Consul’s Autopilot mode is designed to let you upgrade your Consul cluster without any service interruptions, but it’s a bit of a misnomer – it’s more of an assisted upgrade than a fully automatic one.
Let’s see it in action. Imagine you have a Consul cluster running on three servers: consul-server-1, consul-server-2, and consul-server-3. You want to upgrade from version 1.10.0 to 1.11.0.

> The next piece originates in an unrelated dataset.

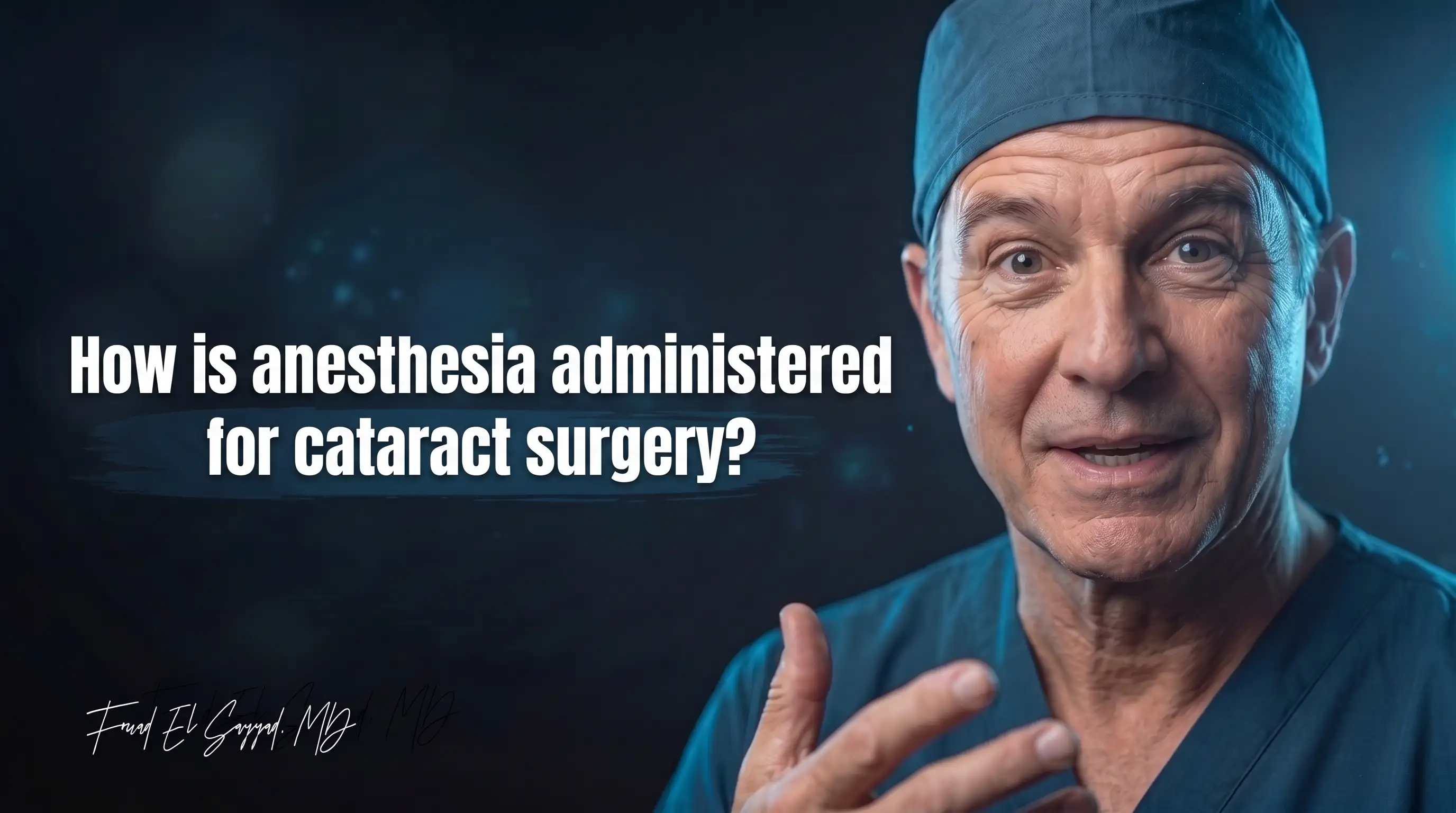 Anaesthesia for Cataract Surgery: Block, Drops, Sedation or General?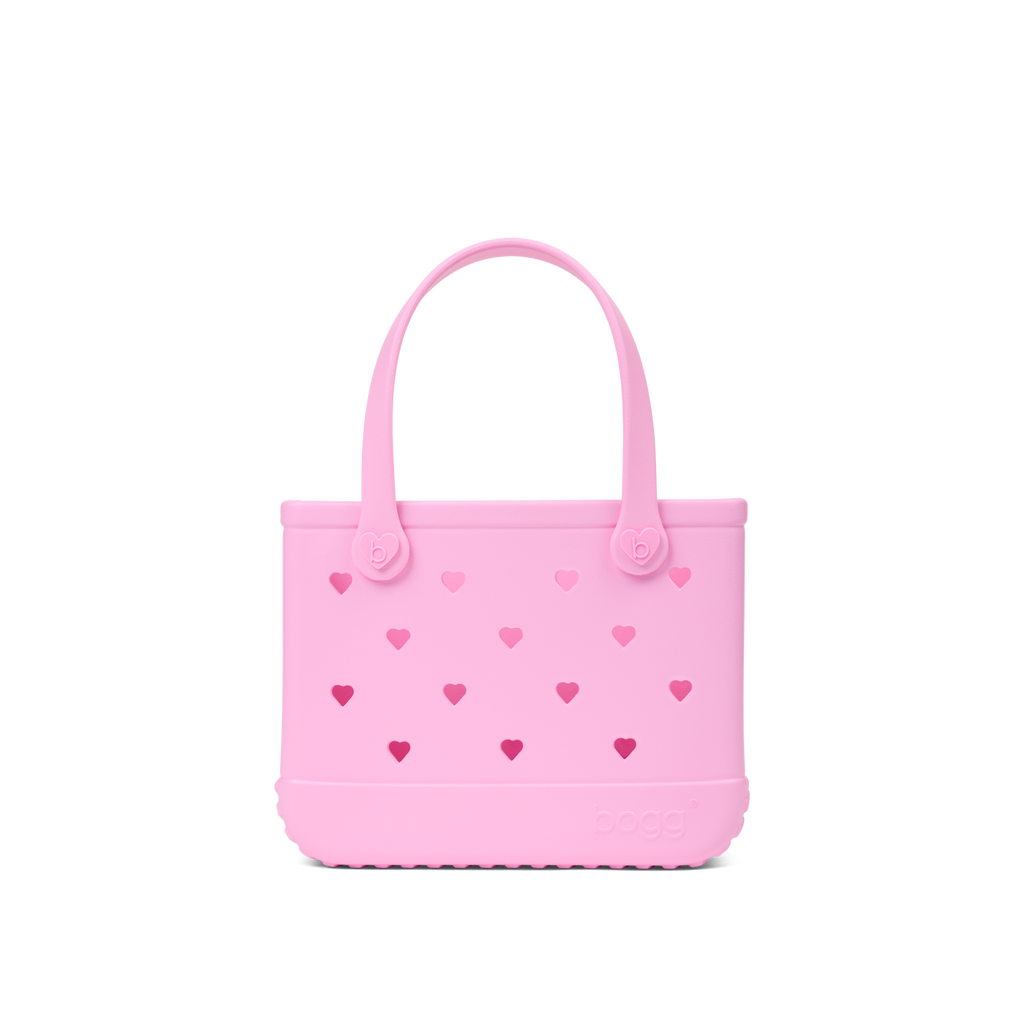 Bitty Bogg Bag - Cut Out Heart Pink Taffy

First, you need to enable Autopilot mode on your existing Consul servers. This tells Consul that it’s okay to manage its own state during an upgrade.
On consul-server-1:
consul agent -node="consul-server-1" -server -bootstrap-expect=3 -config-dir="/etc/consul.d" -enable-local-script-checks=true -autopilot-enable=true
On consul-server-2:
consul agent -node="consul-server-2" -server -bootstrap-expect=3 -config-dir="/etc/consul.d" -enable-local-script-checks=true -autopilot-enable=true
On consul-server-3:
consul agent -node="consul-server-3" -server -bootstrap-expect=3 -config-dir="/etc/consul.d" -enable-local-script-checks=true -autopilot-enable=true
Once Autopilot is enabled, you can start the upgrade process by upgrading one server at a time. You’ll stop the Consul agent on a server, replace the binary with the new version, and then restart it.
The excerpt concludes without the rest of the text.